When David and Lisa chose Mitzvah Kippot for their wedding guests, they wanted to share the joy of their celebration with the artisans who crocheted them. They knew that because the kippot are fairly traded, the artisans would receive fair payment for them. But Lisa and David could never imagine their decision would impact the lives of the women who made them, and the extraordinary transformations their choice would help create.

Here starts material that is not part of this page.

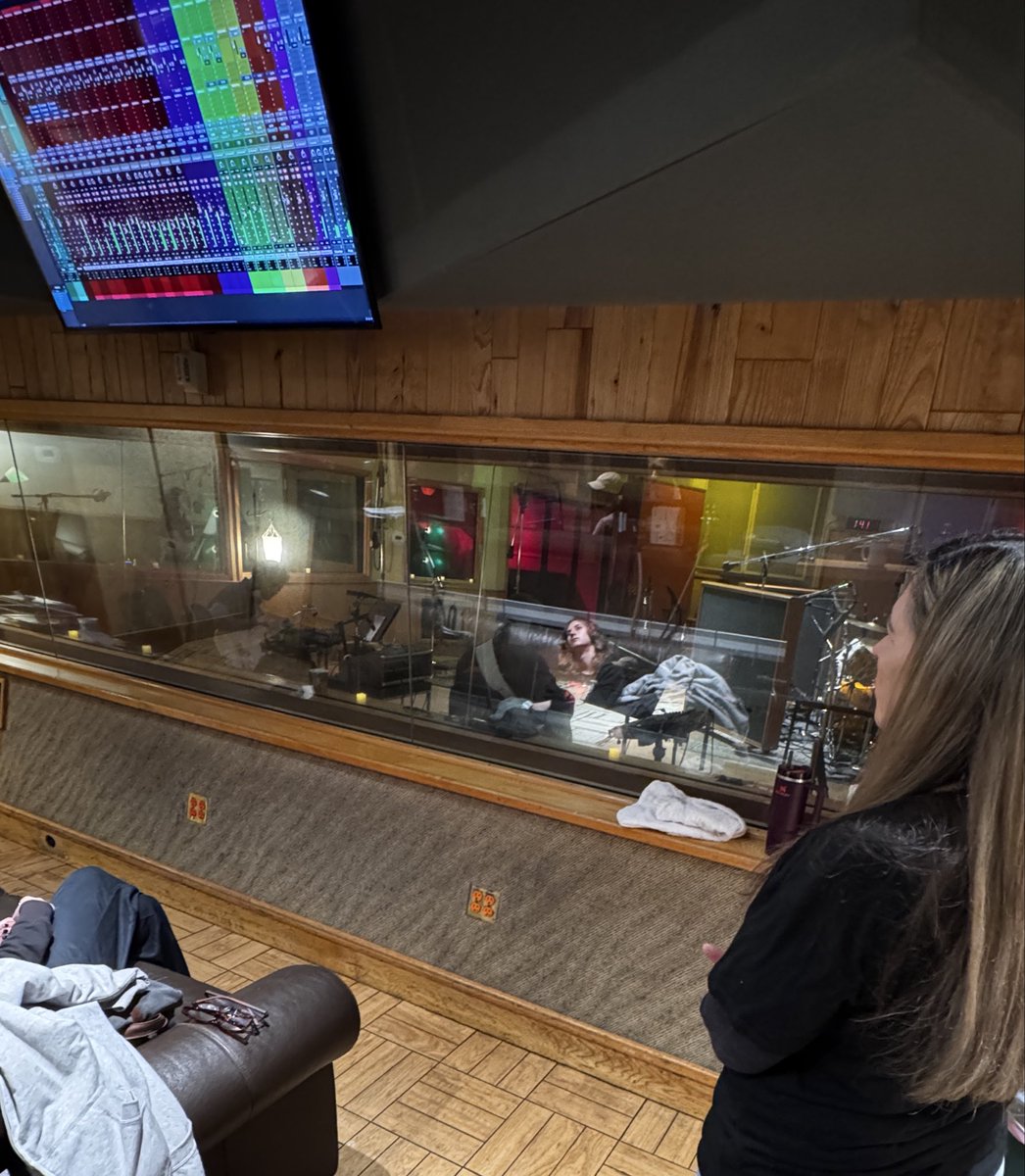 Shaynee_Music's tweet photo. @20th_Centurygal To be standing in the same studio (a year ago) that she recorded Pearl night she left us was such a surreal feeling! HHB Janis😞❤️ https://t.co/ALxZobyO80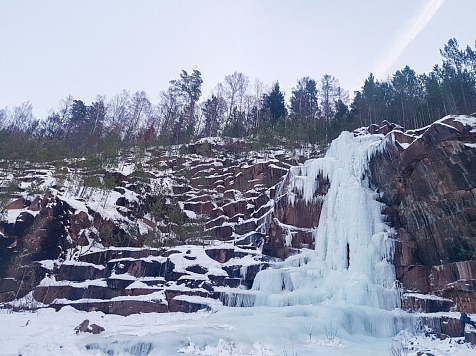 На «Столбах» снова залили ледяной водопад для альпинистов, детей и любителей фото. Фото: vk.com/krasnoyarskrf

How did the Mitzvah Kippot project come about? My husband, Fredy, and I grew up in the Jewish community of Guatemala. As an anthropologist, I lived and worked with Mayan people for many years. Despite their grinding poverty, they always welcomed me, generously sharing their homes, food and lives. My husband and I wanted to do something for the country that had welcomed our ancestors and for the wonderful people that I worked with. So, in 1990, we founded Mayan Hands, a fair-trade organization with the mission of finding markets for Mayan women artisans. We knew that Jewish people would support our project because the principle of tikkun olam, repairing our world, is paramount in their minds.

San Pablo, Miriam and her sister
Miriam and her sister in San Pablo (Courtesy of Anna Watts)

Miriam Batz leads the women’s group that crochets our kippot. Miriam’s story is one of devastating poverty but also of ingenuity, courage and hope. Her experiences reflect those of most Mayan women in Guatemala today. Miriam was born in the Highlands of Guatemala to extremely poor parents. Her father barely eked out a living working in other people’s fields, while her mother cared for their five young children.

She was 8 when her father died, plunging the family into even deeper despair. Her mother found work in her village but earned almost nothing. “After my father died, I used to go out to the fields with my younger brother looking for food,” she said. “People would sometimes give us old tortillas; that’s often all we ate.” Miriam had to leave school in fifth grade; her mother could no longer support her education. She met her husband at 14. She was desperate to leave a difficult situation at home with a violent stepfather. Their four children were born soon after, and the family was set for a lifetime of poverty.

Women from San Pablo crocheting the kippot
Women from San Pablo crocheting kippot (Courtesy of Anna Watts)

But Miriam was resourceful. She and her husband worked very hard as day laborers in the fields, and after many years were able to build a small house. She learned to crochet and started going to school at night. She organized a group of women in her village to look for work together and support each other.

The group started selling crocheted hacky sacks to middle men. Initially they earned some money, about $8 or $9 per dozen. But everyone in the village and beyond started making them, and the price dropped to $1.60 per dozen or even $1.20 per dozen, 10 cents each. Accounting for the price of the yarn, the women wound up earning a mere $1.30 per week—but without other opportunities they continued selling these.

Brenda en San Pablo with women who crochet the kippot
Brenda, center, in San Pablo (Courtesy of Barney Horowitz)

When we first discussed the possibility of making kippot, the women said they would make them for $2 each. Learning we would supply the yarn, they lowered the price to $1.30. With thousands of artisans in the country and scant opportunity to sell their work, they knew that price was crucial. We explained that as fair traders our goal was to strengthen their earning power, not to increase our profit at their expense. We supply their yarn for the kippot and pay two-and-a-half times what they requested. Instead of $1.20 per week, they now earn $10 or even $14 per day.

Miriam loves making kippot: “Jewish people use them to cover their heads; it’s like God is accompanying them everywhere, like they are under God’s protection. I feel like our work is serving a special purpose.”

Working with fair trade has changed these women’s lives. Their families are eating well. Their children are getting an education, an especially positive development for the girls who are the first to be pulled out of school because their families’ poverty makes their work indispensable; the girls end up getting married very young, become mothers right away and, thus, repeat the cycle of poverty. Furthermore, a cash income allows women leverage vis-a-vis their husbands; they have more control over their lives as they make decisions about how to spend and save money. Best of all, they can dream, have hope for the future and envision a different world.